Optimalisasi Baja dan Angkutan Kereta, KAI-Krakatau Steel Teken MoU

LIMAPAGI - PT Kereta Api Indonesia (Persero) atau KAI menandatangani Nota Kesepahaman (MoU) dengan PT Krakatau Steel (Persero) Tbk tentang kerja sama pengembangan bisnis. Penandatanganan MoU tersebut dilakukan oleh Direktur Utama KAI Didiek Hartantyo dan Direktur Utama Krakatau Steel Silmy Karim di Kantor Pusat KAI, Bandung, Senin 10 Januari 2022.

Direktur Utama KAI Didiek Hartantyo mengucapkan apresiasi dan terima kasih kepada seluruh jajaran direksi Krakatau Steel atas terlaksananya MoU ini.

Baca Juga: Bersinergi, Pelindo-KAI-PTPN III Optimalkan Terminal Multipurpose Kuala Tanjung

“Krakatau Steel merupakan salah satu BUMN yang strategis di dalam perekonomian Indonesia, demikian juga dengan KAI. Kolaborasi yang terbangun ini merupakan suatu langkah awal sebagai dukungan bagi pemerintah dan Indonesia untuk membangkitkan perekonomian,” kata Didiek dalam keterangannya di Jakarta, Selasa 11 Januari 2022.
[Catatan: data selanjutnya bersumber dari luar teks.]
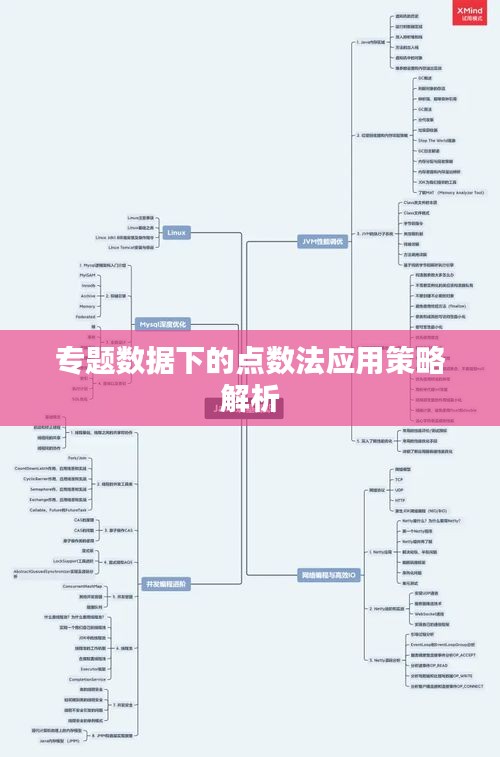 专题数据下的点数法应用策略解析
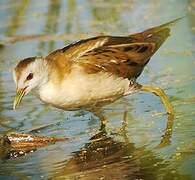 Little Crake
Didiek mengatakan, MoU ini dimaksudkan sebagai bentuk komitmen dan landasan awal untuk mempersiapkan segala sesuatu yang berkaitan dengan rencana kerja sama dimana dalam pelaksanaannya nanti akan mencakup pemanfaatan scrap yang berasal dari ATDO (Aktiva Tetap Diberhentikan dari Operasi) dan barang bekas milik KAI oleh Krakatau Steel dalam rangka memenuhi kebutuhan industri baja nasional maupun industri lainnya.
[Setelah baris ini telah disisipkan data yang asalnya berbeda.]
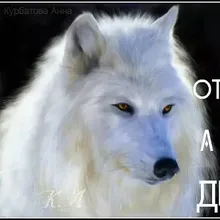 Лого пользователя z***a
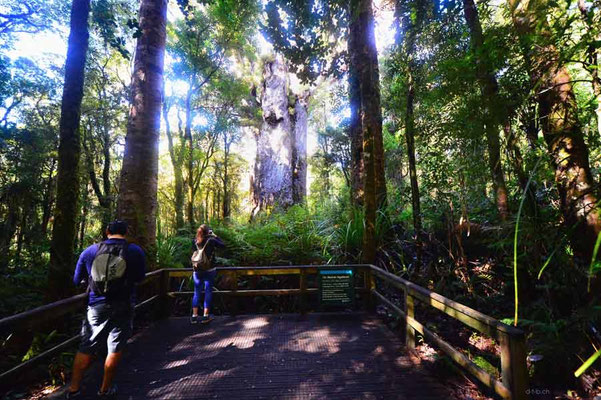 Neuseeland.Te-Matua-Ngahere.Kauri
Baca Juga: Periode Nataru, KAI Catat 2,12 Juta Orang Gunakan Kereta Api

Selain itu, juga pengangkutan hasil produksi Krakatau Steel dan optimalisasi penggunaan angkutan kereta api, pengembangan produk suku cadang sarana dan prasarana kereta api berbasis baja, pengembangan kerja sama pada kawasan industri di Cilegon dan Batang, serta optimalisasi dan pengembangan lahan dan fasilitas KAI termasuk pembangunan hub logistic Krakatau Steel. Dengan adanya MoU ini, KAI dan Krakatau Steel bersinergi dalam mengoptimalkan Tingkat Komponen Dalam Negeri (TKDN) untuk memenuhi kebutuhan dalam negeri.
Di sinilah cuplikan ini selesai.